I've had holds use public testing (Curiosity, The 'Neatherhood) and private testing (3 in 1, DRO, Beethro Budkin's Big Burrito Butt Blast), but note that those last two involved me making a public post in
this thread on Architecture for testers. Neither method has really resulted in getting more testers and in practice the quality of the feedback ends up being solely on how lucky you get in getting someone who's willing to spend the time to provide through feedback. One good tester can easily outshine the sum of everybody else who tests.
Given that DROD is a hobby most people simply haven't got the time. I myself am guilty of this, ideally I would play more holds in Architecture and provide feedback, but I don't, because I haven't got the time (but on the plus side I'm an HA now so I'll likely end up playing it before release anyway, but not with the aim of providing any feedback for the author). The problem with hoping for the wisdom of the crowd to come along and help make your hold better is that there usually is no crowd until the hold is published.
What testing tends to be very useful for in practice is catching the more obvious unintended solutions. You should generally have at bare minimum one other person play through your work before release to catch these because as the author you tend to become blind to alternative solutions because you're too focussed on the way the room is supposed to work. For this, using a private beta board is
significantly more useful because of the way it automatically uploads a room demo when someone who has C-Net active solves it, because many times I've spotted some use an unintended solution for part of the room and not report it because they weren't even aware that it was unintended. When using public beta testing, people don't always post demos.

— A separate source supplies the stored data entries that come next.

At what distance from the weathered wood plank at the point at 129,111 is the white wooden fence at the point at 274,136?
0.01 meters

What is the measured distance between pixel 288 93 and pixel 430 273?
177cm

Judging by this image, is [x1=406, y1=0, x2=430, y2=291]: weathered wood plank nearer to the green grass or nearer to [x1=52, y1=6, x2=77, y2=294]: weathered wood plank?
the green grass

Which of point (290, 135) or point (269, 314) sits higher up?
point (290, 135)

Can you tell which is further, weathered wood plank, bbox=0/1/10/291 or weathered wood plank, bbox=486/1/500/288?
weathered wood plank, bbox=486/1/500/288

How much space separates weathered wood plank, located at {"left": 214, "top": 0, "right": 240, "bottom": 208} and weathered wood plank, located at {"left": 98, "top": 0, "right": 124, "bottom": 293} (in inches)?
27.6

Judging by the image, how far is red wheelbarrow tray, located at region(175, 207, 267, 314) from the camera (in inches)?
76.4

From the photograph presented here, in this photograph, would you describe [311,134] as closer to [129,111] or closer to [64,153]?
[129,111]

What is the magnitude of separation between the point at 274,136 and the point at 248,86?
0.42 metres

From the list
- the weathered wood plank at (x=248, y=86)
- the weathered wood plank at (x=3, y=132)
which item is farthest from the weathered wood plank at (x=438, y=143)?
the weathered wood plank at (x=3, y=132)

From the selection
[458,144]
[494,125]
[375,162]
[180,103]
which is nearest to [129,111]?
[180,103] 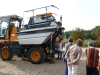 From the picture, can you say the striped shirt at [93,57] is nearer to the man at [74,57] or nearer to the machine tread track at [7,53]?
the man at [74,57]

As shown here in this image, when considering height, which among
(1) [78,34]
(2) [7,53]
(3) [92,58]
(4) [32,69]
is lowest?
(4) [32,69]

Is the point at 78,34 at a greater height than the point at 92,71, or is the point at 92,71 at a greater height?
the point at 78,34

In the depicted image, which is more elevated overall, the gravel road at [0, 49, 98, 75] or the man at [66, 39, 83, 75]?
the man at [66, 39, 83, 75]

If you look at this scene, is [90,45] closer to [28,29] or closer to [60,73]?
[60,73]

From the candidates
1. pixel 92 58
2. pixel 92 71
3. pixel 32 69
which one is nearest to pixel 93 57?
pixel 92 58

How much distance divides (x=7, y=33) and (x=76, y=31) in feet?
120

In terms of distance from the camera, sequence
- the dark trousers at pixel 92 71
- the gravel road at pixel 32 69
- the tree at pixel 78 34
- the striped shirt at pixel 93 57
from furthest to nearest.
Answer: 1. the tree at pixel 78 34
2. the gravel road at pixel 32 69
3. the dark trousers at pixel 92 71
4. the striped shirt at pixel 93 57

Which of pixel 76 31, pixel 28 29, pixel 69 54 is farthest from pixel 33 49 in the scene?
pixel 76 31

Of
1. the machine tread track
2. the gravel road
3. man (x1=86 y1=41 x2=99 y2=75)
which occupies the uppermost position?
man (x1=86 y1=41 x2=99 y2=75)

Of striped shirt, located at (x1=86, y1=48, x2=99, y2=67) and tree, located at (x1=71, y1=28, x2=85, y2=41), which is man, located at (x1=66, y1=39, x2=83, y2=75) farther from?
tree, located at (x1=71, y1=28, x2=85, y2=41)

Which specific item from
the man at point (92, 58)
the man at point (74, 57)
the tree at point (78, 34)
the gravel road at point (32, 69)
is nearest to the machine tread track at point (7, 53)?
the gravel road at point (32, 69)

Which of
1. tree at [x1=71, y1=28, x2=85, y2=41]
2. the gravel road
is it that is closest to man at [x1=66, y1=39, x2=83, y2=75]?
the gravel road

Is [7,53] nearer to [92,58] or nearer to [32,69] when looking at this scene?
[32,69]

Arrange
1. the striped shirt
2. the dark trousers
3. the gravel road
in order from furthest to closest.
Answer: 1. the gravel road
2. the dark trousers
3. the striped shirt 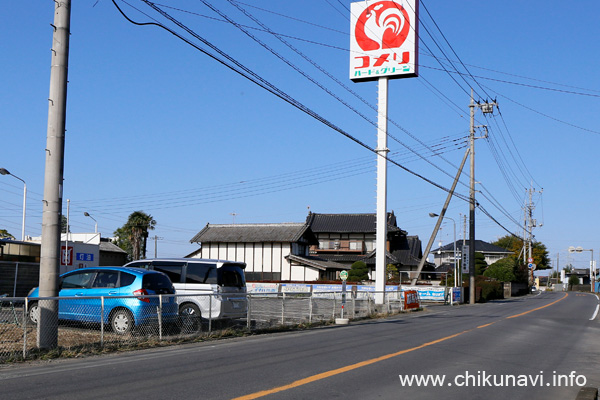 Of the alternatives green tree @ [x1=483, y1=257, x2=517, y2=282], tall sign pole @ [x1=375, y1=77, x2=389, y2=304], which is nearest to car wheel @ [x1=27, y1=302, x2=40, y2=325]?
tall sign pole @ [x1=375, y1=77, x2=389, y2=304]

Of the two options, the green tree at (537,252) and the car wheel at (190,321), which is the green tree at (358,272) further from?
the green tree at (537,252)

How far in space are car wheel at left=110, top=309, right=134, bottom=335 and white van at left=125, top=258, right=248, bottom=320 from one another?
2.31m

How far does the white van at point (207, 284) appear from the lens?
16359mm

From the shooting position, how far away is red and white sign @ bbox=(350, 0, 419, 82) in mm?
35938

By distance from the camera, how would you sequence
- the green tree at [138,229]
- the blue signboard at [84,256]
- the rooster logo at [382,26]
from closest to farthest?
1. the blue signboard at [84,256]
2. the rooster logo at [382,26]
3. the green tree at [138,229]

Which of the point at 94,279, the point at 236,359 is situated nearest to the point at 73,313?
the point at 94,279

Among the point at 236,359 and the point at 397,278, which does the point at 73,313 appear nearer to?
the point at 236,359

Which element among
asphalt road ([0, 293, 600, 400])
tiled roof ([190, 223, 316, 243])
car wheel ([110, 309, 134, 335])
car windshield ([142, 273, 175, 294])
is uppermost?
tiled roof ([190, 223, 316, 243])

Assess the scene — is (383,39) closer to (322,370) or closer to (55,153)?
(55,153)

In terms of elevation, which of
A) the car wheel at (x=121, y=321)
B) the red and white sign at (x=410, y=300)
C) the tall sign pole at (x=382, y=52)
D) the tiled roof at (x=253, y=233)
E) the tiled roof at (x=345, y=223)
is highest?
the tall sign pole at (x=382, y=52)

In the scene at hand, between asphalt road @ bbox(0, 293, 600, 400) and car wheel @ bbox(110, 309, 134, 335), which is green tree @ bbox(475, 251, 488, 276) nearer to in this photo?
asphalt road @ bbox(0, 293, 600, 400)

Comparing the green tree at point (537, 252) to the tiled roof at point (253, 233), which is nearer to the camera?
the tiled roof at point (253, 233)

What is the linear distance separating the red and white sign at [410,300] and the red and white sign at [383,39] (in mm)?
13301

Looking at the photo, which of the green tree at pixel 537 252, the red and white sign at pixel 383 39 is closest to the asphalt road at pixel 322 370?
the red and white sign at pixel 383 39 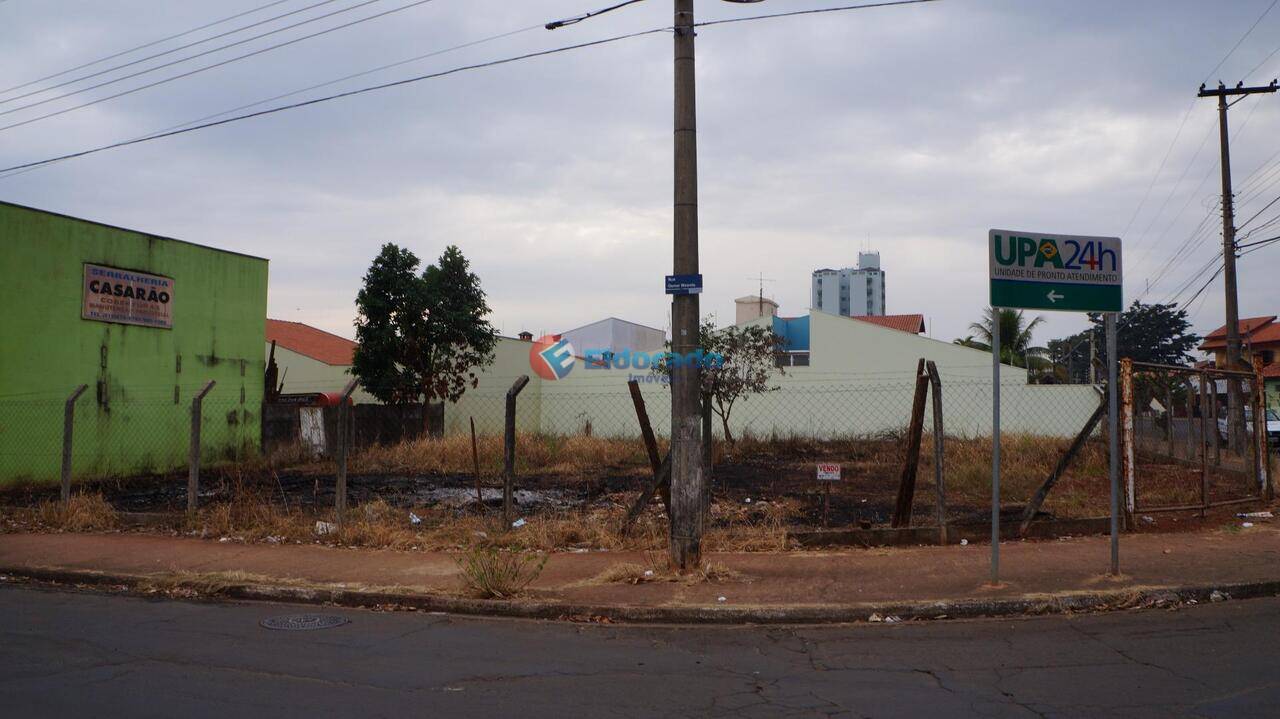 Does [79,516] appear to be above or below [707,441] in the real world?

If you're looking to make your holds better and the rooms more enjoyable, then based on my own experience, the best thing to do is to make a variety of stuff, release it, and see how people react, both in terms of the anonymous score ratings and the comments in the threads. If you want to get experimental, make your hold short so you can more easily and quickly publish it to get an idea for how people feel about it. If you really want to maximise feedback, then I recommend intentionally making something on the easy side, as I've seen that people are far more likely to play it and comment on it if they can actually manage to beat it. In general people only have limited time and if they can't get past a room or two after a certain short length of time, the feedback ends there. Rather than ask for hints, they will instead feel that their skill is not enough and they are not the right audience, and just not say anything.